Stored records
....................
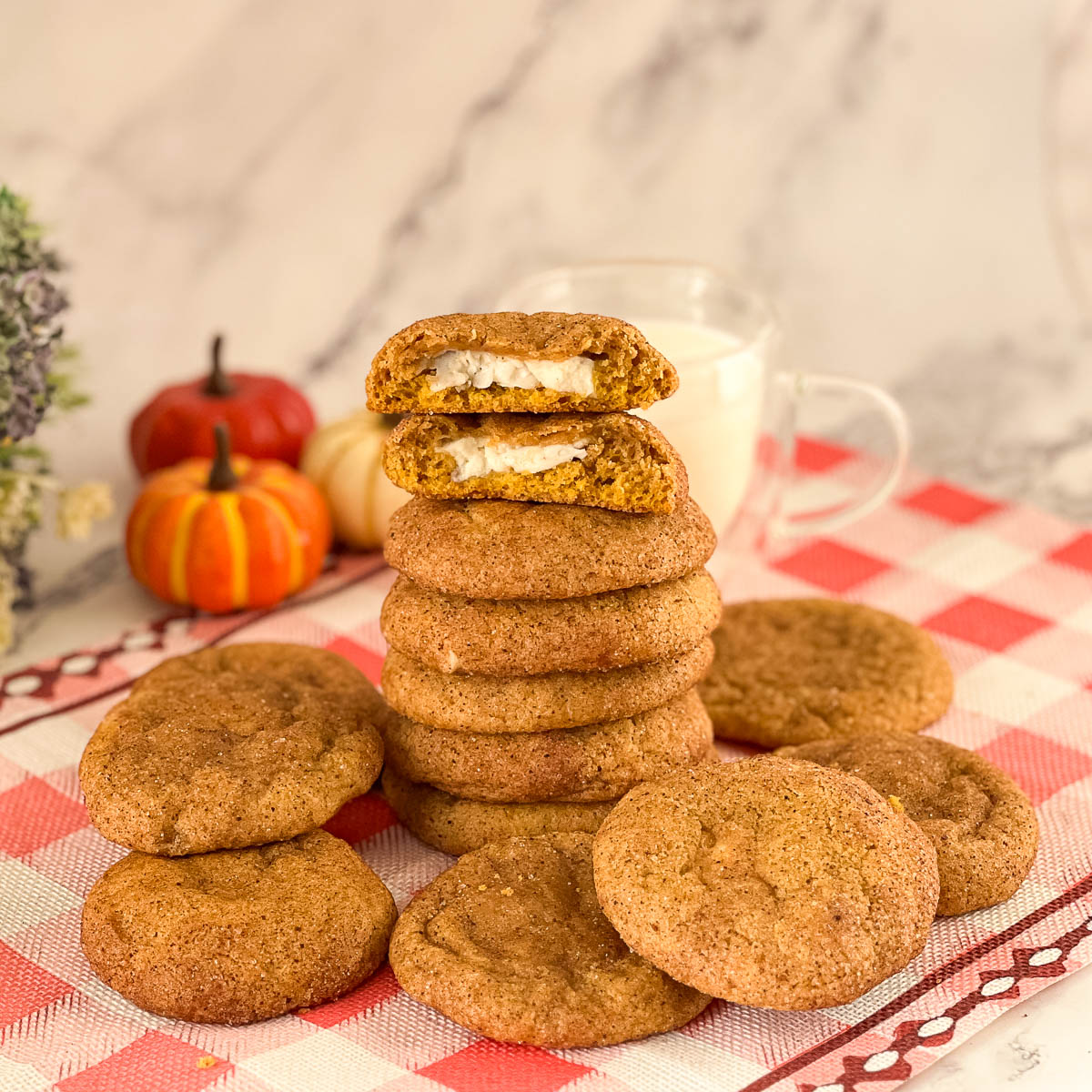A stack of pumpkin cream cheese cookies.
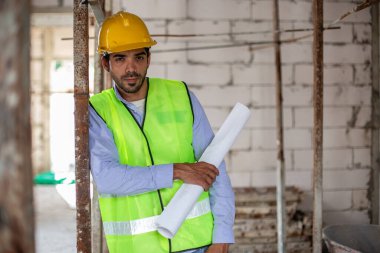 Ev inşaatçılarının portresi miğfer ve güvenlik üniforması üzerinde taslak çizimler var. Erkek mimar ev inşaatında duruyor. Ustabaşı iş yerinde.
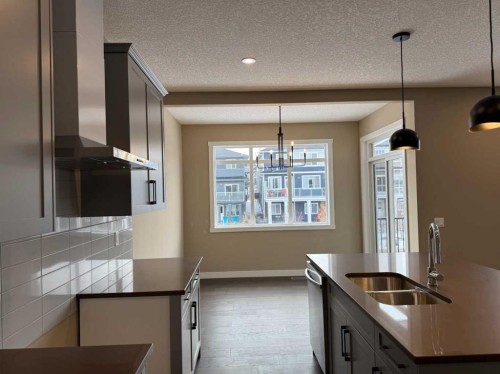 115 Sundown Crescent, Cochrane, AB - Indoor Photo Showing Kitchen With Double Sink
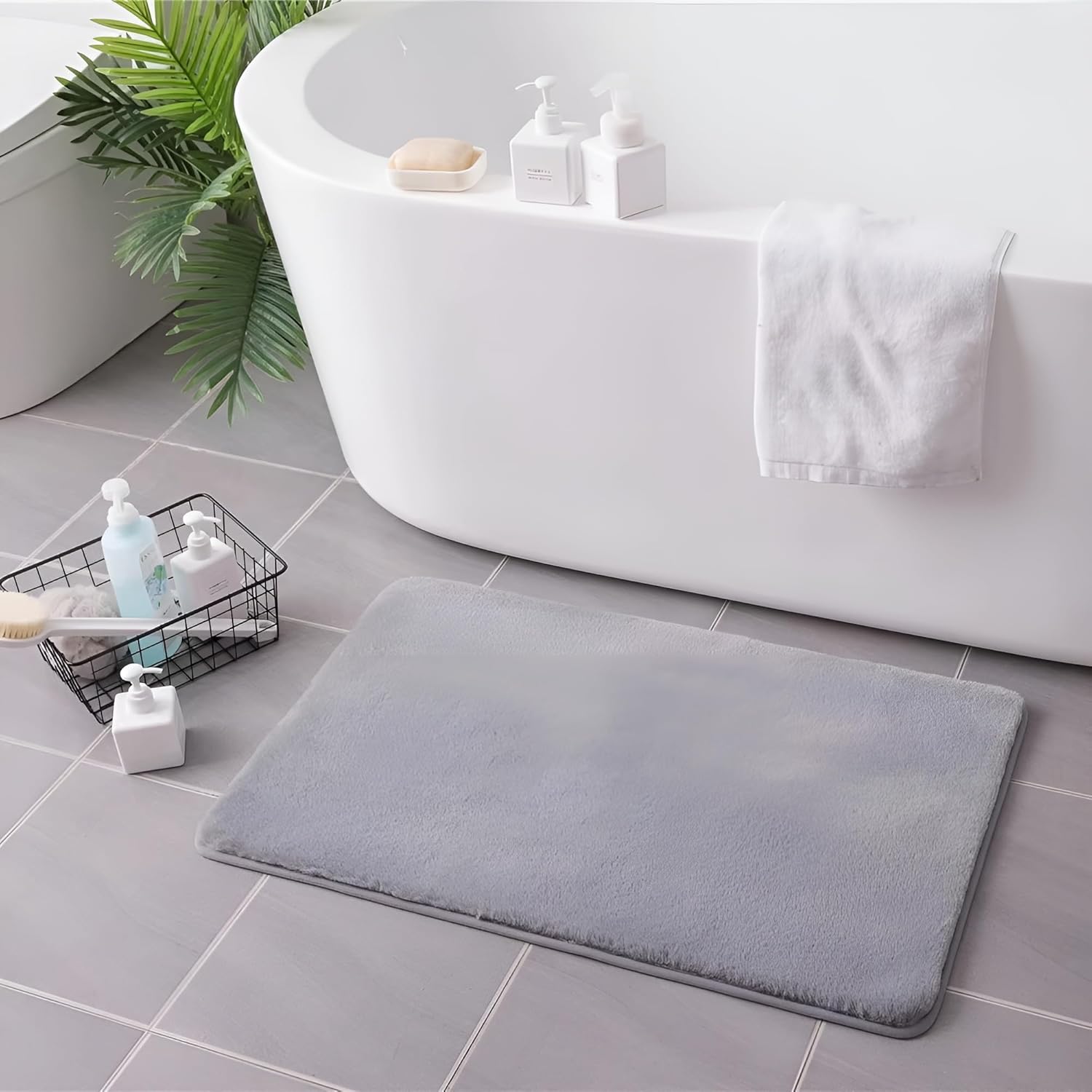 Grey soft faux rabbit fur rug placed in bathroom and home décor space by Prisha Cart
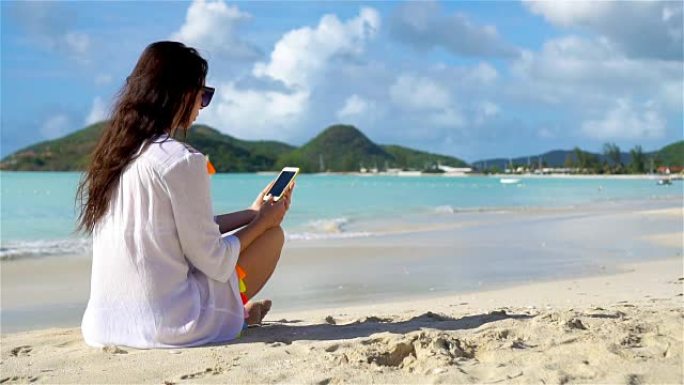 在热带海滩度假期间，拥有智能手机的年轻女子。加勒比海岛上海滩上带着手机的漂亮女孩。慢动作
....................
Could you please write out the entries exactly as they are, with every picture left out?

**SOLUTION FOR THIS TASK:**
A stack of pumpkin cream cheese cookies.
 Ev inşaatçılarının portresi miğfer ve güvenlik üniforması üzerinde taslak çizimler var. Erkek mimar ev inşaatında duruyor. Ustabaşı iş yerinde.
 115 Sundown Crescent, Cochrane, AB - Indoor Photo Showing Kitchen With Double Sink
 Grey soft faux rabbit fur rug placed in bathroom and home décor space by Prisha Cart
 在热带海滩度假期间，拥有智能手机的年轻女子。加勒比海岛上海滩上带着手机的漂亮女孩。慢动作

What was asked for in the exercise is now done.